[Short web captions]
..........

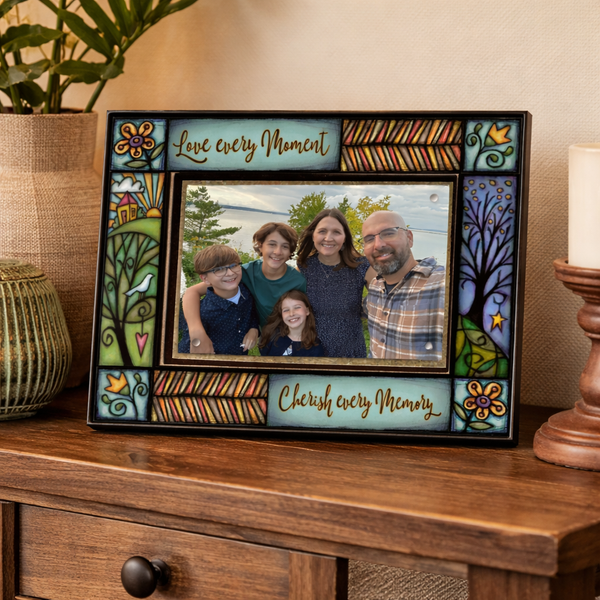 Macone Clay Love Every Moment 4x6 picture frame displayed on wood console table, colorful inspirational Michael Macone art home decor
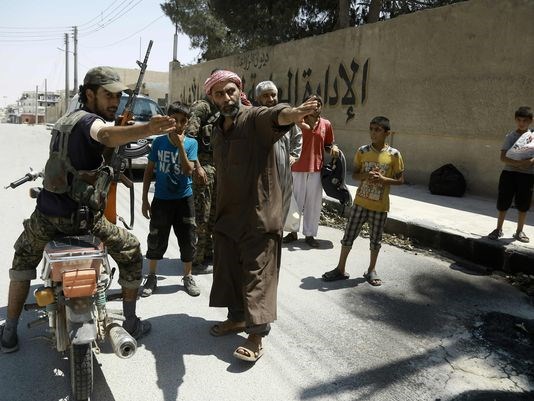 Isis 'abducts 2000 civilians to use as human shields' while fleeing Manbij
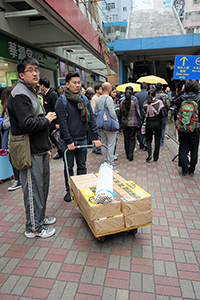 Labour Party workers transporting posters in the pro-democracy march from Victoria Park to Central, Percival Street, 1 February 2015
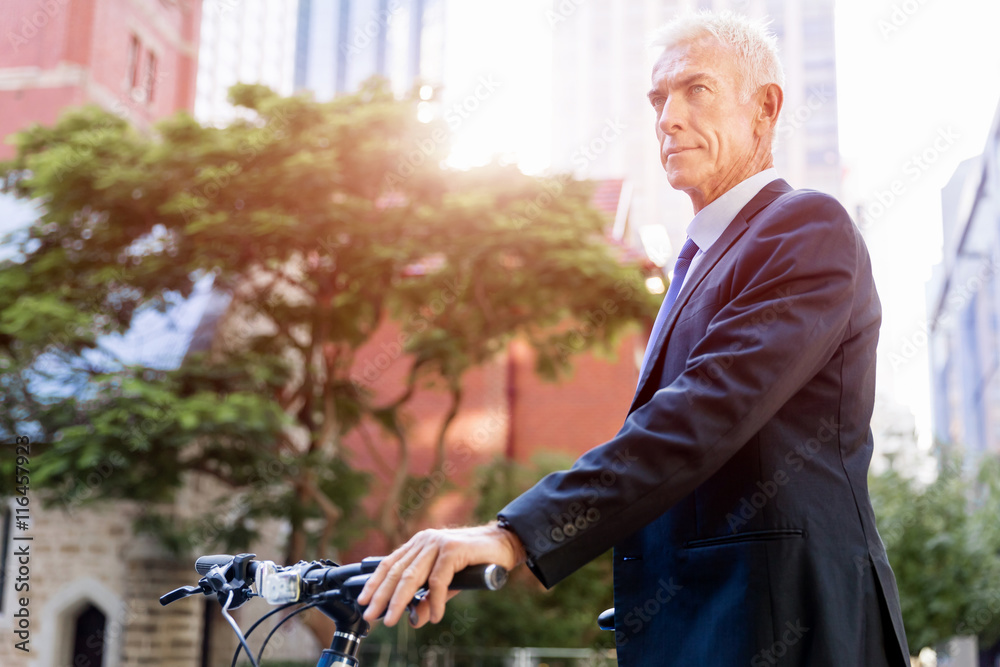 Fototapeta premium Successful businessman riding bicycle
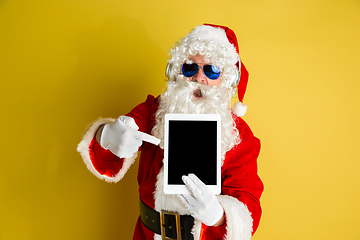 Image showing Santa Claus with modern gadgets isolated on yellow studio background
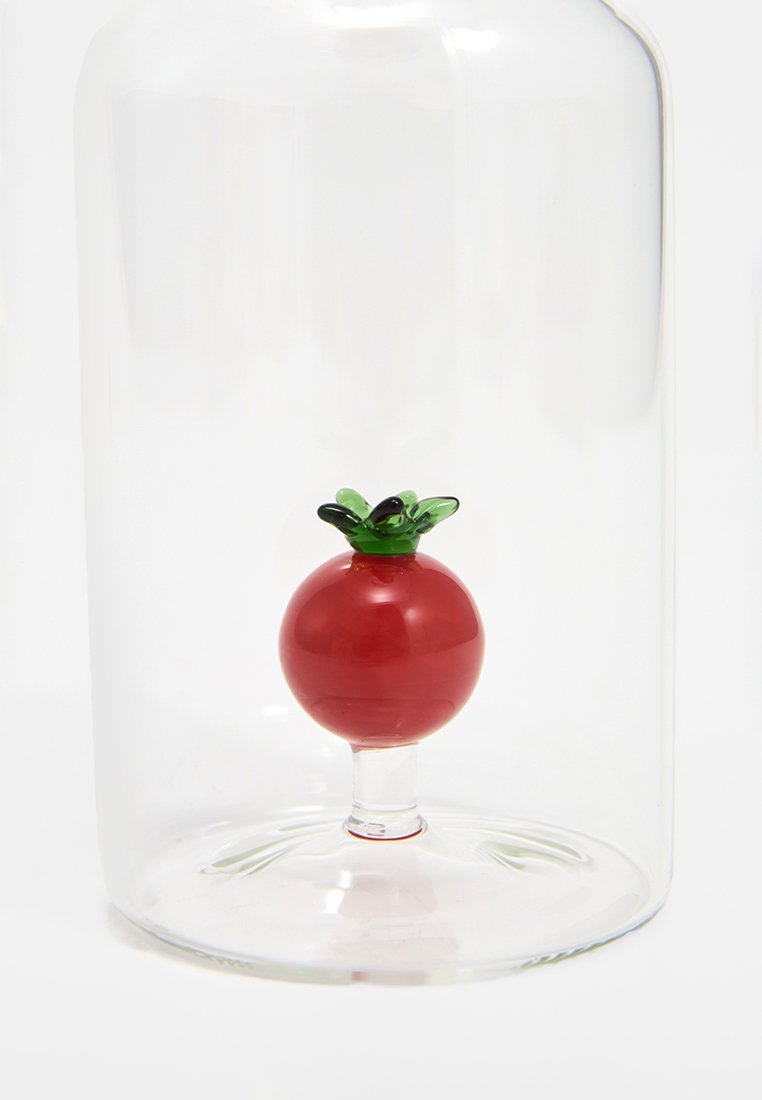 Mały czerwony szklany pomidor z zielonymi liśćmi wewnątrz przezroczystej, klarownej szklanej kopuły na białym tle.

..........

__What this task involves__:
From the first line to the last, set down the records word for word and drop the images.

__Exercise output__:
 Macone Clay Love Every Moment 4x6 picture frame displayed on wood console table, colorful inspirational Michael Macone art home decor
 Isis 'abducts 2000 civilians to use as human shields' while fleeing Manbij
 Labour Party workers transporting posters in the pro-democracy march from Victoria Park to Central, Percival Street, 1 February 2015
 Fototapeta premium Successful businessman riding bicycle
 Image showing Santa Claus with modern gadgets isolated on yellow studio background
 Mały czerwony szklany pomidor z zielonymi liśćmi wewnątrz przezroczystej, klarownej szklanej kopuły na białym tle.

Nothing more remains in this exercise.